The report is a series of case studies done involving detainees who were subsequently released and never charged with any crime. Yep, after holding them for years, interrogating them with torture, the US government realized it had no basis to continue holding them and let them go without so much as a "whoops, my bad" by way of apology much less reparation.

The PHR report not only catalogues what the prisoners say happened to them, it includes the steps taken by the physicians to corroborate via physical exam, including bone scans and other testing to establish proof of scarring consistent with the stories told by the prisoners.
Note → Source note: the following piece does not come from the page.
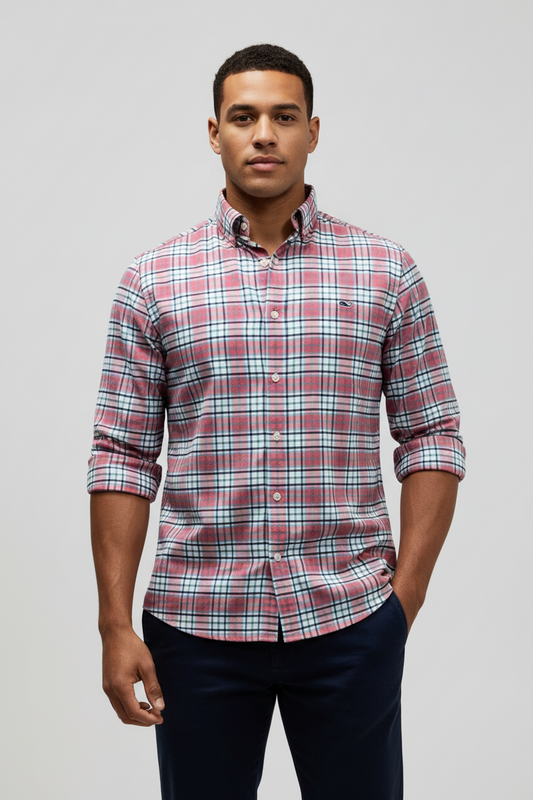 Camisa de botones Vineyard Vines 🐳 Performance color blanco de cuadros en color rojo, negro y verde oscuro Talla S Entalle Slim Fit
In seems that the interrogators focused their work on injuries to soft tissue believing it would not produce lasting scars and it would be the word of a detainee against the word of the US government.
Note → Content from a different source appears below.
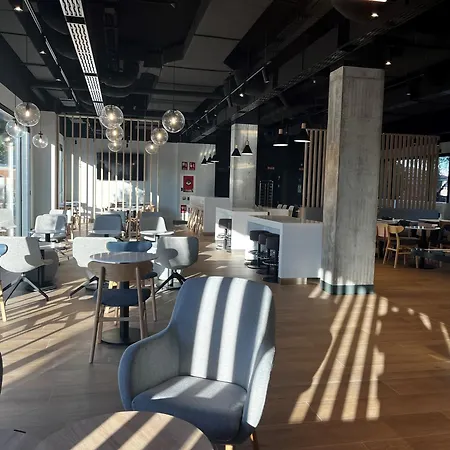 Ibis Budget Aeropuerto Hotel *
However, some of the electroshock treatments left scars on the skin and some of the beatings left telltale scarring on the bones. Not noticeable to the naked eye, but provable with a bone scan. What PHR has done is put together the kind of forensic evidence needed to actually convict in a war crimes court.

The preface of the report is written by Major General Antonio Taguba, USA (Ret), who famously wrote the shocking report about torture at Abu Ghraib prison.

In the Physicians for Human Rights report, Taguba writes:

After years of disclosures by government investigations, media accounts, and reports from human rights organizations, there is no longer any doubt as to whether the current administration has committed war crimes.

STOP! Read that last sentence again. Ok, good, and again. Now let it sink in once and for all.

The only question is whether those who ordered the use of torture will be held to account.

We will see that question answered over the next few years. It is becoming less and less likely that there won't be any prosecutions, but questions of; exactly which former administration officials? by whom? for what crimes exactly? and under whose jurisdiction? are still open for guesses.

I imagine these questions are being pondered by the likely future indictees themselves as much as by the human rights community.